The story received a lot of attention, but it soon faded from the headlines. This armed citizen was just too good to be forced into an anti-gun narrative. Indeed, few reported that the former Marine only had eight rounds in his Glock and that he ran out of ammo.
Eight rounds is obviously not enough for an extended gunfight against a criminal who came prepared with multiple magazines.
The armed citizen either didn’t have a spare magazine for his pistol or he could not get back to his car’s lockbox to get one. Still, he directed others to get to cover and made the perpetrator pause as he dealt with an armed citizen.
Fortunately, the armed citizen’s actions slowed the would-be murderer down. This allowed a responding state trooper to take down the criminal sociopath.
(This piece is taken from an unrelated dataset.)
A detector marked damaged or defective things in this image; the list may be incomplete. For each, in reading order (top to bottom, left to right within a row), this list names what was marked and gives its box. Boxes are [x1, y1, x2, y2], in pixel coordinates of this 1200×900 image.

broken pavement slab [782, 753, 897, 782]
Various reports say that the criminal was both wounded by the return gunfire by the armed citizen and state trooper.
Statistically, of course, armed self-defense does not typically require eight or more rounds, but in such a worst-case scenario you never really know.
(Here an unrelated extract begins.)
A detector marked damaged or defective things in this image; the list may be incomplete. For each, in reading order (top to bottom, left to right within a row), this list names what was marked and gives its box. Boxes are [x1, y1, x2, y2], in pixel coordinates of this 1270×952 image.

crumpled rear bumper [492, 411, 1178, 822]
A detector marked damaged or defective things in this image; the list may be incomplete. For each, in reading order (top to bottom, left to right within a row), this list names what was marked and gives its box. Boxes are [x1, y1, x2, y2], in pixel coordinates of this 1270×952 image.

In this case, neither of the victims of this criminal died, but both were injured critically. The criminal also was critically injured, but is expected to recover.
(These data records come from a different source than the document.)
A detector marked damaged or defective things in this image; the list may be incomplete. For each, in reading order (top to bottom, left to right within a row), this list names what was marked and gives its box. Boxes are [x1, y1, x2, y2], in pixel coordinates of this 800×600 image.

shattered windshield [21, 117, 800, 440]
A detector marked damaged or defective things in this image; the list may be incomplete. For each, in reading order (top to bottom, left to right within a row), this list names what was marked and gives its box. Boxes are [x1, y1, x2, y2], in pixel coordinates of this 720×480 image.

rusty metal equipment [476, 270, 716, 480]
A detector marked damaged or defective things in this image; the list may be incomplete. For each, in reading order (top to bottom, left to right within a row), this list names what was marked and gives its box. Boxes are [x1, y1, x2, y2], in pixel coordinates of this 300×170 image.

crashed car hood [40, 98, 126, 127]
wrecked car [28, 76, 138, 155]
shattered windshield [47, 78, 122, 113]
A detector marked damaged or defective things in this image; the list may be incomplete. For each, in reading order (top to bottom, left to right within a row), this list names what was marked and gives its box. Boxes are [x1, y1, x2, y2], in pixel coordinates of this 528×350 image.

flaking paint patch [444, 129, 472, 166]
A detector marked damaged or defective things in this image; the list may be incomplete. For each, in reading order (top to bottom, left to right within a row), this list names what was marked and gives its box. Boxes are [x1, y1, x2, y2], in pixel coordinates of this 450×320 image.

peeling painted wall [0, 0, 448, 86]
The onerous gun-control laws in Massachusetts, however, should have gotten more bad press. In the state, it is generally illegal to sell, offer for sale, transfer, or possess magazines capable of holding more than 10 rounds; there is an exception, as some concealed carries still qualify for a narrow exemption (primarily “pre-ban” magazines lawfully possessed before Sept. 13, 1994). So, this armed citizen did not have the option of having what would be considered a standard-capacity magazine for most pistols (including Glocks).
The responding police officer was likely armed with a SIG Sauer P320, as this is the official service pistol for Massachusetts’ state troopers, but he might have had a full-size Smith & Wesson M&P duty pistol, as this was the previous service pistol. (It changed in 2023.) In either case, the trooper likely had multiple 17-round magazines.
There are real consequences to gun-control laws designed to disarm law-abiding citizens. In this case, had the trooper arrived a minute later, this armed citizen might have been killed.
Not long after, on Independence Day, the gun-control group March for Our Lives posted on X: “Gun violence in America was not an accident. It was built through specific decisions, laws, and power structures, going back to the founding. 250 years later we are still living with the consequences.”
Amy Swearer, a senior legal fellow at the Heritage Foundation, responded, “You owe your right to tweet stupid things to the armed citizens who refused to lay down their guns at the Tyrant’s demand.”
Still, Swearer could have gone further, as the historical and contemporary ignorance of this March for Our Lives social-media person is not just palpable, it also is part of an attempt to reduce this civil-rights issue to a false bumper-sticker claim that guns cause murder—on Independence Day no less.
To make this claim, this gun-control group does not just have to ignore all of human history—murder, of course, hardly began when gun powder was invented—but also all contemporary crime research, as concealed carriers in the U.S. commit almost no crimes with their lawfully owned firearms. Armed citizens do, however, stop a lot of crimes.